In the records below, find the line with "Leather Case Stands", then copy each line exactly until you have copied the line with "Lampadario Moderno Aygo". Leave any picture out.
[Listed records Boundary: Start]
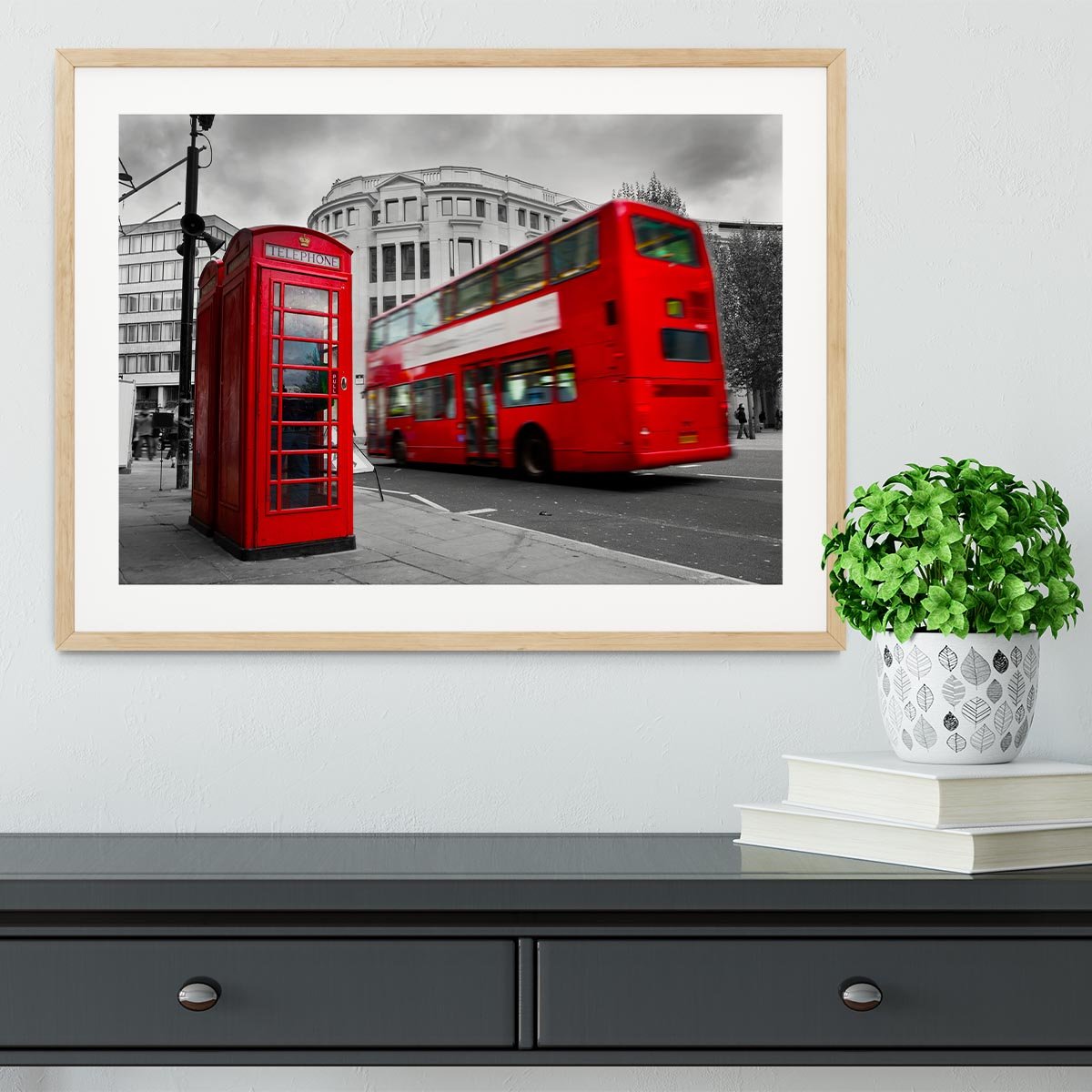 Red phone booth and red bus Framed Print - Canvas Art Rocks - 3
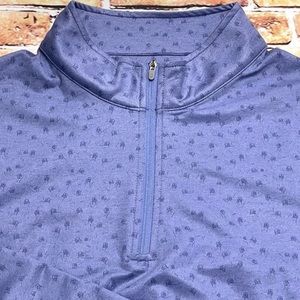 Peter Millar Crown Sport Perth Quarter Zip Pullover Golf Carts Blue Large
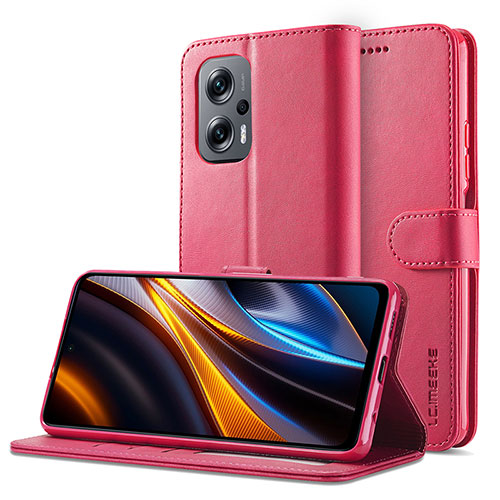 Leather Case Stands Flip Cover Holder LC2 for Xiaomi Redmi Note 11T Pro+ Plus 5G Hot Pink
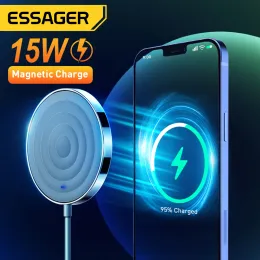 充電器Essager 15W Qi iPhoneの磁気ワイヤレス充電器12 13 14 Pro Max Mini duction Fast Magic Wireless Charging Pad Adapter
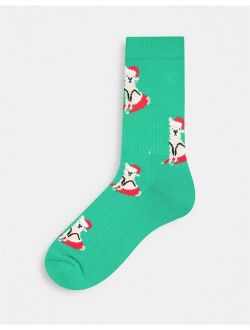sports socks with Christmas llama print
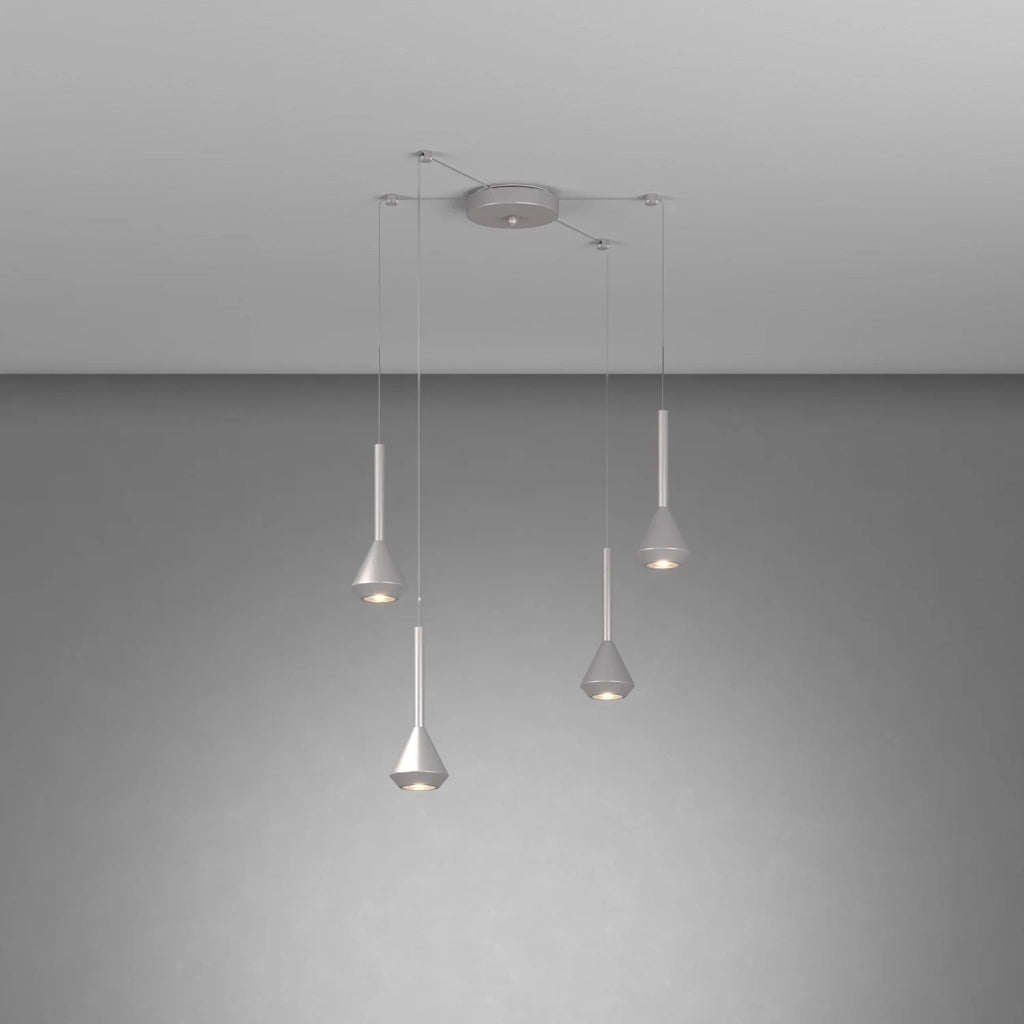 Lampadario Moderno Aygo Metallo Color Alluminio 4 Luci Gu10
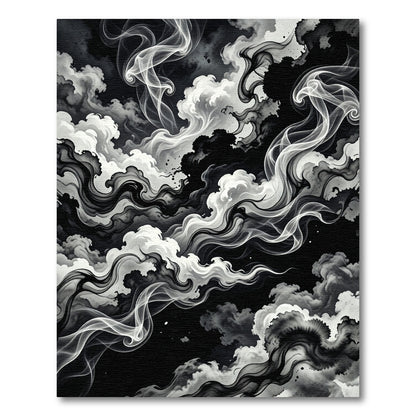 Monochromatic Swirling Smoke Cloud Art Rug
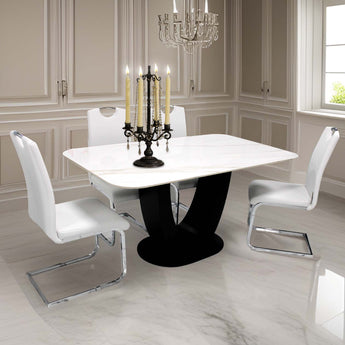 U Shape Grey Ceramic Dining Table 160cm with 4 chairs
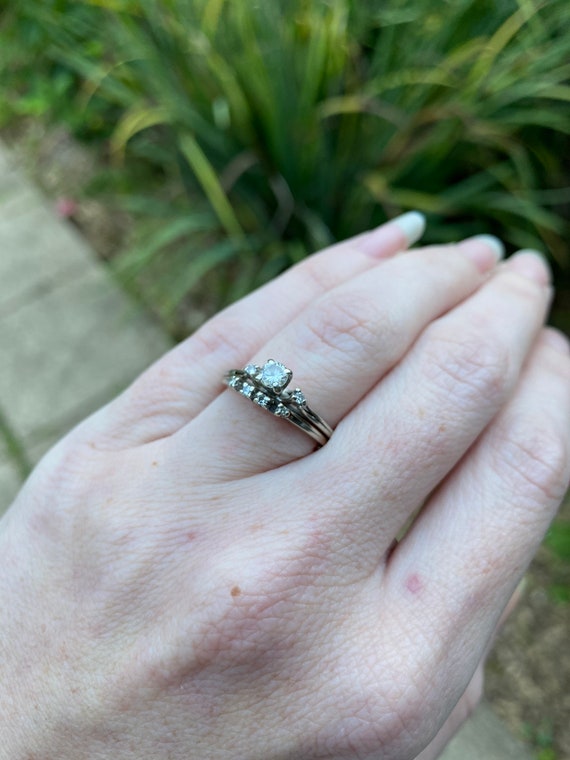 1940s Traub Orange Blossom Platinum and Diamond Wedding Set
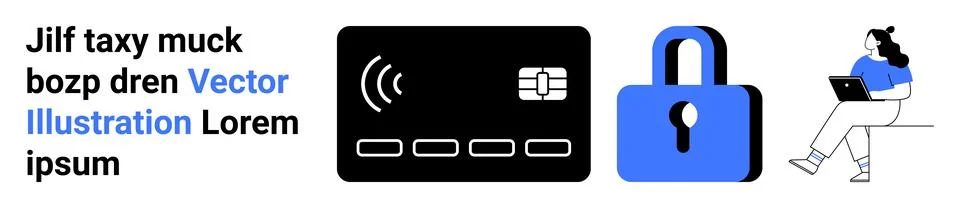 Secure Online Transactions and Safe Data Handling Vector Graphic Illustration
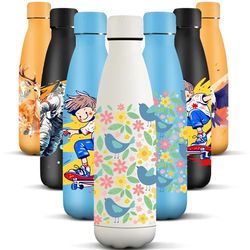 HoneyHolly 500 ml BPA-fri vattenflaska, termisk flaska, dubbelväggig, vattenflaska, läckagesäker, 18/8 rostfritt stål, vattenflaska för sport, skola, yoga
[Listed records Boundary: End]
## Solved problem:
 Leather Case Stands Flip Cover Holder LC2 for Xiaomi Redmi Note 11T Pro+ Plus 5G Hot Pink
 充電器Essager 15W Qi iPhoneの磁気ワイヤレス充電器12 13 14 Pro Max Mini duction Fast Magic Wireless Charging Pad Adapter
sports socks with Christmas llama print
 Lampadario Moderno Aygo Metallo Color Alluminio 4 Luci Gu10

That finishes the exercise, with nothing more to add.